Depression Is Not a Weakness; It's Because You Are Too Strong!
Oswald Chambers said:
“We should battle through our moods, feelings, and
emotions into absolute devotion to the Lord Jesus. We must break out of our own
little world of experience into abandoned devotion to Him.”
There is a secular quote that I noticed even
Christians out there are finding comfort in saying, it is something like –
“depression is not a weakness; it’s because you are too strong.” For a
Christian, this quote is pure incoherence on a spiritual level.
The quote comes from a secular book filled with
words to comfort the unbelievers who know nothing about Christ. Listen, because
we are Christians does not mean we will not experience depression. On the
contrary, depression will be all around us and we will be constantly tempted to
give into it. But, before you get yourself sedated with chemicals you need to
go to Him first. After all, He is our healer, our comforter and our deliverer.
Most great Christians who know God intimately will tell you how easy it is to
be depressed in our service to Him. In fact, several of our forefathers have
been there. People like Paul, and David have gone through it too, but, they
always strengthen themselves in the Lord.
Because I have gone through depression when I was a
Christian with “religion and traditions” instead of having Christ as my life
and light. Today, as a genuine Christian I also have to deal with my moods
regularly so that I can remain totally devoted to Him in abandonment, so, I
know both sides. The best pills I needed for the first kind of depression, was to
get out of myself and my own world in my mind and my heart and start centering
my life on Him. I needed to look to Jesus as my savior and the master of my
life. In short, I needed to lose my life so that I could find it. The
second kind of depression comes to us as genuine Christians and we have to
fight our moods because of lack of concentration on Him to remain strong, alive
and powerful in Him. There are many reasons that lead us to a place where we
have to constantly deal with our moods. For me, it is almost something that I
would call impatience, because God has me on a waiting mode for so many years,
and it is hard to cope with the daily life while waiting patiently for Him.
I can tell you, the secular quote I mentioned
above, is wrong on all sides. Don’t get me wrong, it is a good quote for
unbelievers. It gives them excuses, something to hang onto for comfort and something to
believe in. But, as Christians if you are too strong to the point it
causes you to be depressed, chances are “doctrines is an end in itself for
you,” God cannot make a dent in you and you are living in disobedience where
the Holy Spirit has been quenched. I do not mean to hurt your feelings, but in
His agape love, I want to get you thinking twice about your view of the kind of
Christian life you made the choice to embrace.

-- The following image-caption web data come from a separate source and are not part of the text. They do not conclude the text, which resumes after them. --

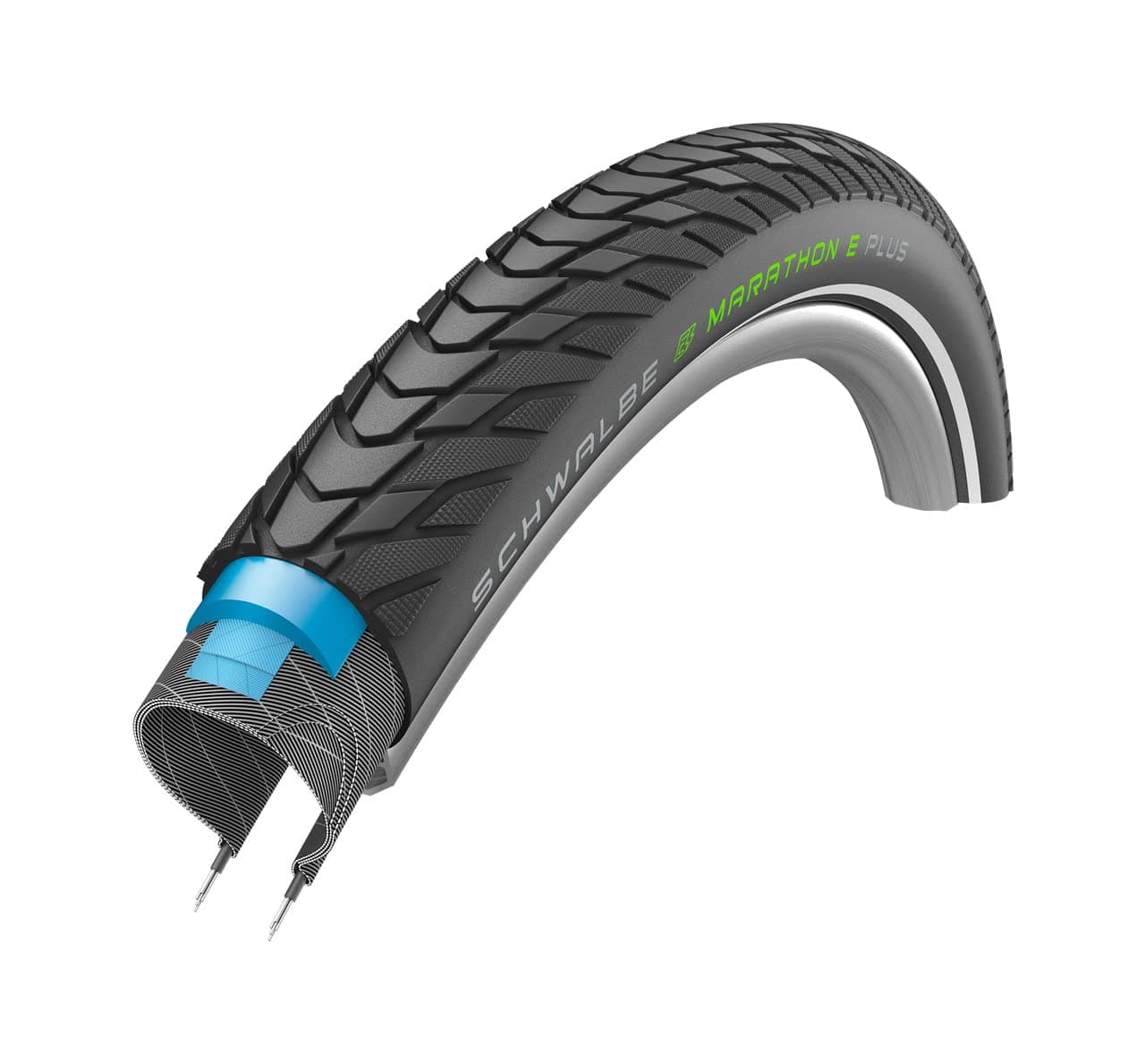SchwalbeMARATHON E-PLUS Perf, Smart DualGuard, TwinSkin 27.5x2.00 650B Tyres 50-584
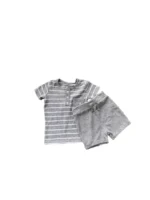 Set áo quần đùi xám cho bé trai Billie by Billie Faiers George (6 đến 9 tháng)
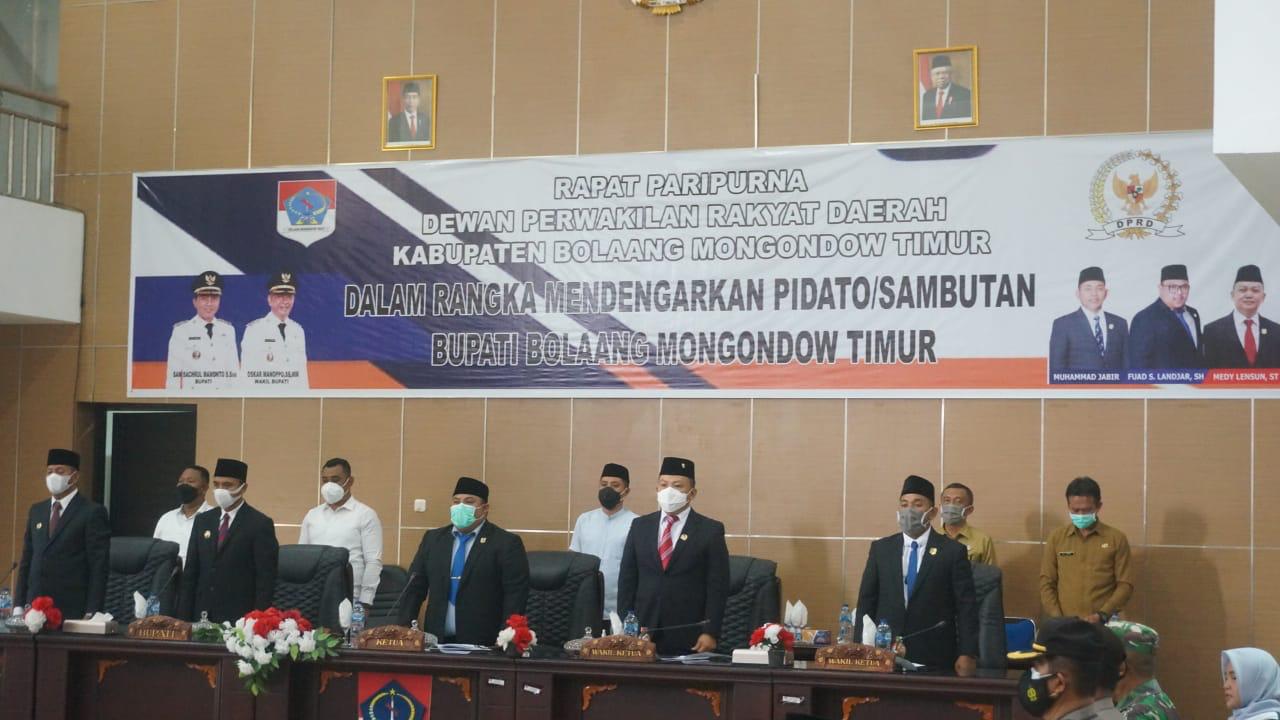 Rapat Paripurna DPRD Boltim, Sachrul: Jangan Ada lagi Perbedaan di Antara Kita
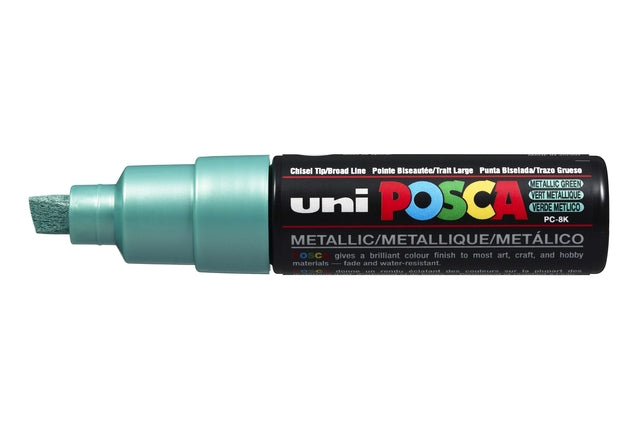 Verfstift posca pc8k b schuin metallic groen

I am proud in the Lord to say, in this world I appear to
be weak. Not because I am a weak person, but because I am able to love others
who do not deserve it. I am able to live a humble life where some think that I
am afraid of them, but really when dealing with them, I exercise godly
humility. Some think I am weak because I do not go suing people to make money,
instead I follow the word of God, knowing that vengeance is His alone. I have a
whole list of reasons why people find me weak. Yet I know I am amongst the
strongest Christians you will ever know in the twenty first century, because
genuine Christians, living in complete abandonment to Christ, will always
appear weak and unless you too have been there with Him, you will not recognize
my strength in Him.
Please do not go off your meds and say that M.J
said you did not need them. Especially if your intent is to remain the master
of your life instead of keeping your gaze on the crucified Christ, while going
forward to find life in Him as your living water. I mean by that, going beyond
word and apply it to your life through faith, grace and the Holy Spirit as the
changing agent. I also mean by that, taking the responsibility for what you
believe in and what enters your mind.
PRAYER: Lord, help me to forsake all that cause my
heart to wander away from you. Help me to accept the pain and inconvenience to
serve you, my living God. Teach me how to be so desperate for you that I would
become incurable. Make me one of your remnant and keep me there, broken and humble
at your feet. I Love you my Lord and Savior!